While many revivals were located within topographically indistinct clearings or ordinary groves, the landscape became, in effect, a holy ground due to its function as a setting for worship. Some of the earliest camp meetings had a forest setting, where man, devoid of material possessions, could be one with God and nature in a “sacred grove.” Trees provided shade, privacy, fuel, and building material. At night, these forest settings, lit by firelight, were both mysterious and awe-inspiring, creating a sense of otherworldliness. Isolation was an important factor in selecting a camp meeting site because it offered an environment free from disruptions, a place apart from worldly temptations. Wesleyan Grove, founded on the island of Martha’s Vineyard in 1836, was located in a grove of oaks close to Nantucket Sound on a gentle northwest-facing slope that faced away from the water “in an introspective fashion.”
By midcentury, other factors in selecting a camp meeting site held greater weight than isolation. Selection criteria grew to include a bountiful supply of good water, adequate pasturage, a tree canopy for shade and shelter from the wind, easy access from principal thoroughfares, and a level topography, among other considerations.

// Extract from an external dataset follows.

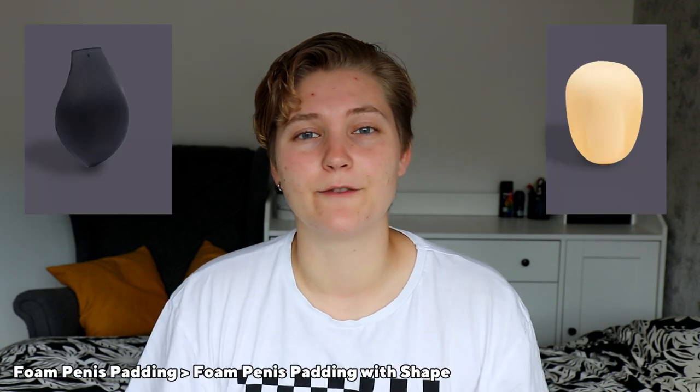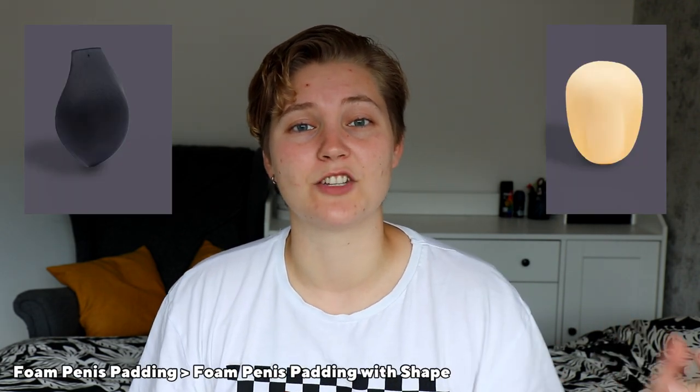Hey guys, what's up? Welcome to a new preview video. This week on Untag's channel, I have reviewed the foam penis padding and the foam penis padding with shape.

The physical arrangements of the earliest camp meetings were not planned. In his book, A Short History of the Methodists in the United States of America, published in 1810, historian Jesse Lee describes a campground arranged in the shape of an “oblong square.” At the center of the camp in a clearing was the assembly area with a preacher’s stand (pulpit) or sometimes two – one at either end of the assembly space. In its simplest form, the preacher’s stand was a raised, wooden platform, although covered variants were common. Benches within the assembly area, if present, were often hand-hewn and backless, arranged in rows, sometimes with a central aisle. Canvas tents or wood “board tents” were set up around the clearing in various configurations.
Three plans were widely used for early nineteenth-century frontier revivals – rectangular, circular, and open horseshoe. The spatial configuration of most campgrounds was the work of anonymous builders and planners. As historian Ellen Weiss has documented, the radial concentric plan at Wesleyan Grove is of particular interest because this plan type was little used in the United States. Its derivative, the wheel plan, however, was featured at a number of campsites across the United States by the 1870s. Campsites arranged in a wheel plan featured a central gathering space and radiating paths or streets arranged like spokes around a hub.
During the initial period of Washington Grove’s development, the spiritual and cultural focus of the Methodist camp was the preacher’s stand and its surrounding assembly area, which were located on a high point within the landscape. A sketch map of Washington Grove created in 1873, the year of the first camp meeting, reveals that the assembly area was originally a square clearing in the woods, and the canvas tents that provided the earliest form of shelter were arranged around it in a grid. This arrangement was soon replaced with a wheel plan, featuring radial paths that met at a circular assembly area, which came to be known as the “Sacred Circle,” or simply the Circle.